In Miami Shores and surrounding areas along NE 2nd Avenue, the pandemic threatens new mom-and-pop businesses. Veteran Councilman Stephen Loffredo has called for a city loan program.

Miami Shores Mayor Crystal Wagar is sympathetic but not ready to commit until more facts are in. “The biggest challenge is trying to figure out how to help the business community,” she says. “Downtown Miami Shores was on the precipice of greatness two months ago, and now we have to start all over. It’s heartbreaking. We face landlords, business owners, and unknown challenges. You want to be as helpful as possible while being responsible.”

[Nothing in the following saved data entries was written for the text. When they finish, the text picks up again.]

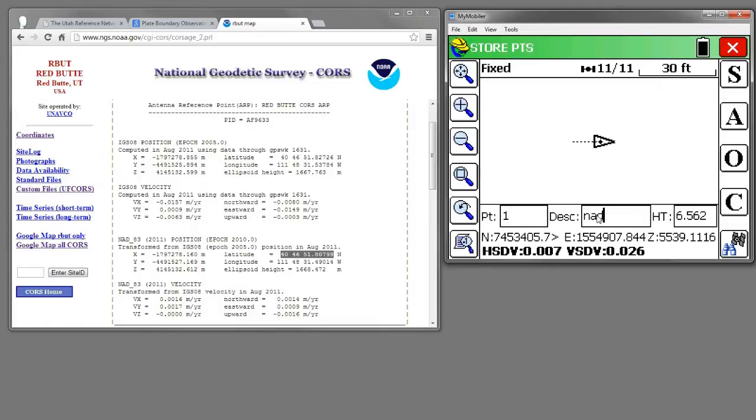So we'll give it a NAD83 description and store that point.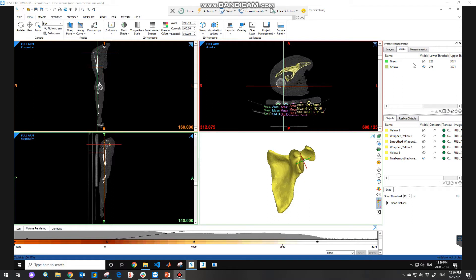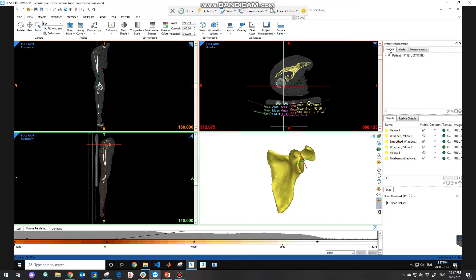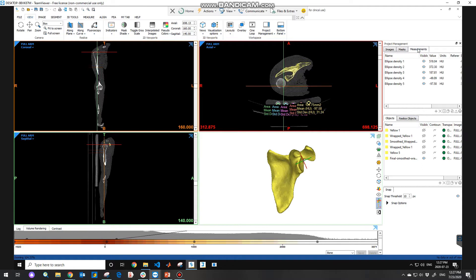On the right hand side of the GUI is the project management tab with three different tabs: images, masks, and the measurements we can make.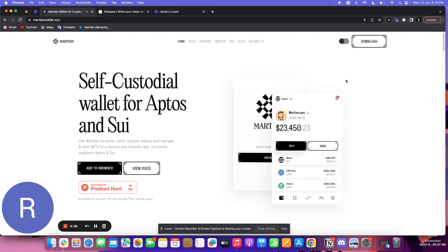GM Martians, in this video we will discuss how you can stake your APT on the Aptos network using Martian Wallet extension.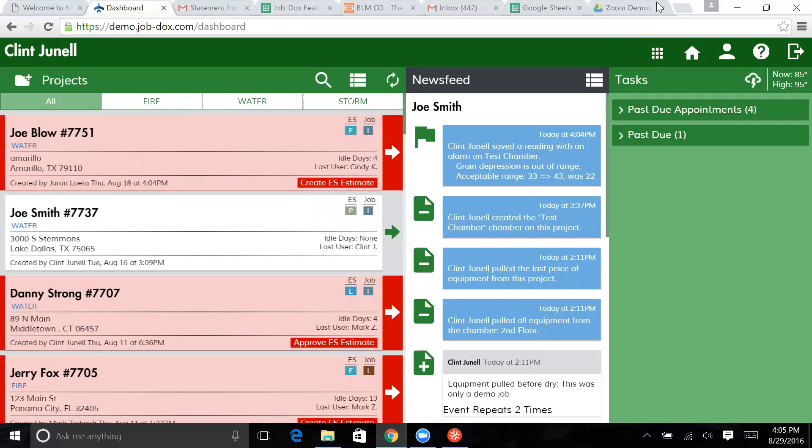So that's a little bit of detail in regards to actually setting part of the drying up with the equipment. And we'll get to some of the next pieces here in just a moment.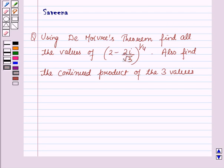Hello and welcome to the session. In this session, we will discuss a question which says: using De Moivre's theorem, find all the values of (2 minus 2i over root 3) raised to the power 1/4, and also find the continued product of the three values.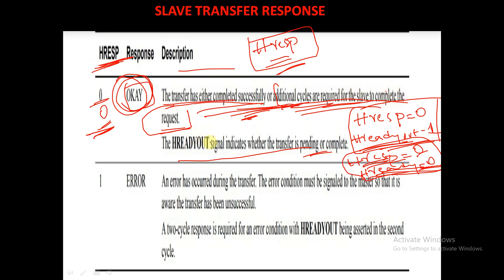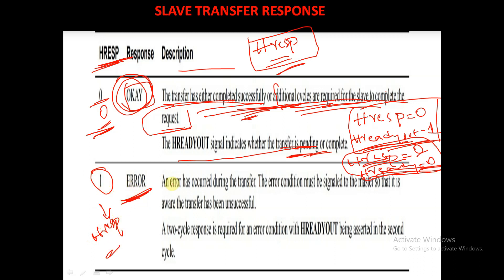So if HRESP is equal to 0 and HREADYOUT is equal to 1, the transfer has completed successfully. If HRESP is equal to 0 and HREADYOUT is equal to 0, the transfer is pending. When HRESP is equal to 1, it indicates an error response.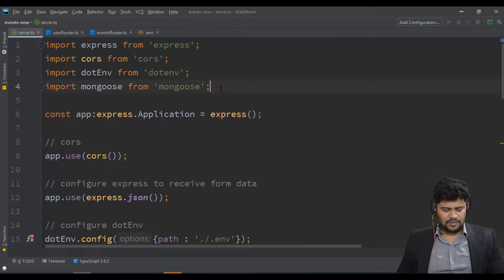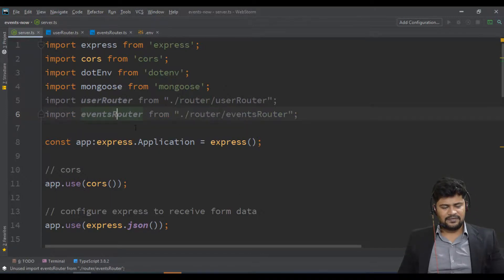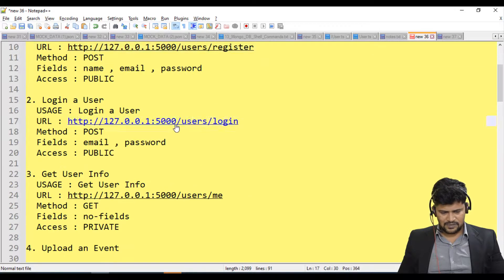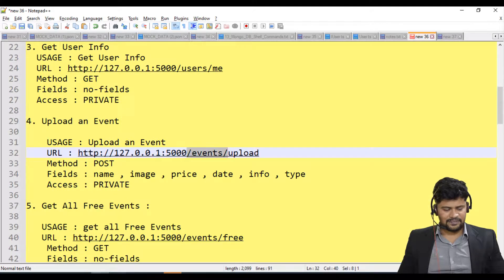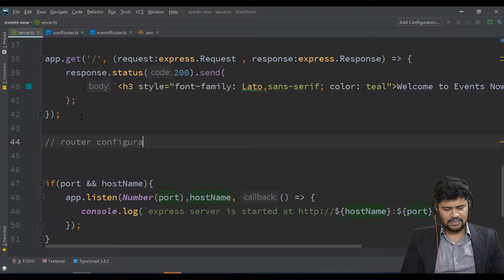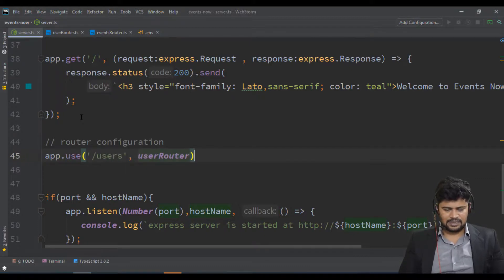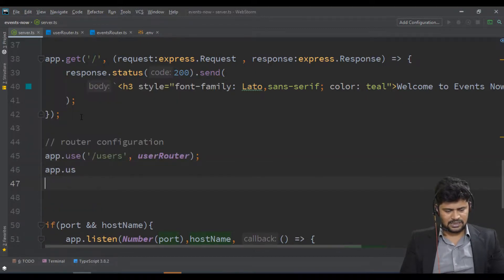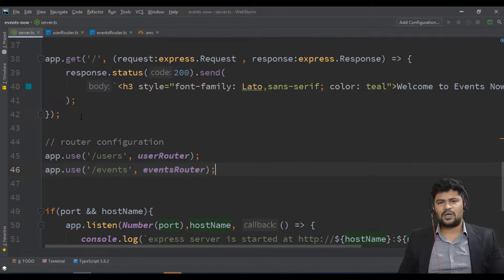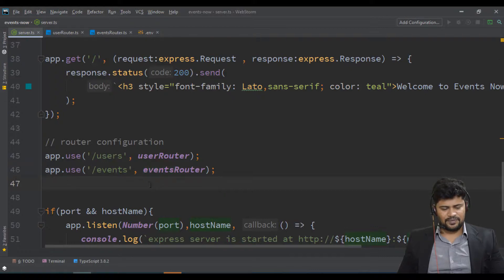Now let's configure the routers with the server. Import userRouter and eventsRouter from the router folder. To configure them: app.use('/users', userRouter) and app.use('/events', eventsRouter). Every request starting with '/users' is forwarded to the userRouter, and any request starting with '/events' is forwarded to the eventsRouter.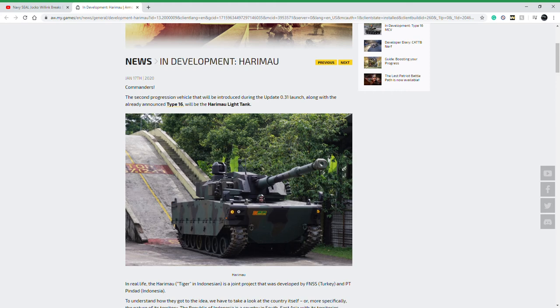The Harimau light tank is an Indonesian vehicle that was built and developed jointly with the FNSS Corporation in Turkey. That's actually very common for South Pacific countries: Indonesia, Thailand, Japan with almost all Japanese products being indigenous, Vietnam, and Singapore, to work with Turkey, Germany, or the United States to develop light vehicles that provide fire support like a main battle tank.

On the ground, businesses are getting creative. The Citadel at 8300 NE 2nd Ave. in Little River and Pebble & Vine on 98th Street are offering indoor plants to go. Ebb + Flow at 8200 NE 2nd Ave. and the new Sins Gastrobar at 98th Street are distributing cocktail mixes. Amaranthine Mediterranean Bistro and Côté Gourmet are offering takeout, as is Proper Sausages. Flight Wine Lounge and Shop is delivering sandwiches and “breakfast in bed.” KC Healthy Kitchen, at 119th and Biscayne, is catering for North Miami’s workers and first responders, and Ivan’s Cookhouse at Biscayne Commons is doing the same in North Miami Beach.

Says Greater Miami Shores Chamber of Commerce executive director Carla Peters: “Businesses all over our area are getting creative. We’re rethinking how to apply for relief and learning what’s available while supporting the businesses. We begged them to come to Miami Shores, and now we need to support them just when they most need it.”

Alexandra Caba Palomino and Raul Parra Orizondo are adjusting at Mima Market at 98th Street and NE 2nd Avenue, not just for pickup and delivery, but as an online clearinghouse for 100 local vendors around the community, with local produce, homemade crafts, and gifts.

The struggle of quarantine extends into loneliness and scarcity that can drive people to crimes of despair.

North Miami Police Chief Larry Juriga says that so far the streets are calm and citizens cooperative and helpful. “Most people are complying with orders and recognizing the severity,” he tells the BT, “but once in a while we find someone who wants to walk into a business without a mask, and businesses call us immediately. That’s where calmness and education come in.

“We’ve seen more domestic violence, and it’s similar to hurricanes,” he says. “But in a hurricane, everybody’s on top of each other for several days, and it’s been several weeks now. You flip a switch after a hurricane, but this isn’t going to change overnight.”

Lobbyist Ron Book is also chairman of the Miami-Dade County Homeless Trust, and on April 18 his confidence cracked.

“I really thought until the last couple days we had done all the right things and really had an umbrella,” he says. “Then on Saturday, I had my first death in a shelter, and it really has shaken me personally. A 26-year-old guy. Now every day, every other day, around 9:00 or 10:00 o’clock, I get a call with bad news. Last night a family of five tested positive, with the mom in Jackson [Memorial] and two kids under age three at Holtz Children’s. All symptomatic, in bad shape.

“I don’t know...I’m in my 60s. I used to be one of those guys who thought I’d live to a hundred and fifty. Not anymore.”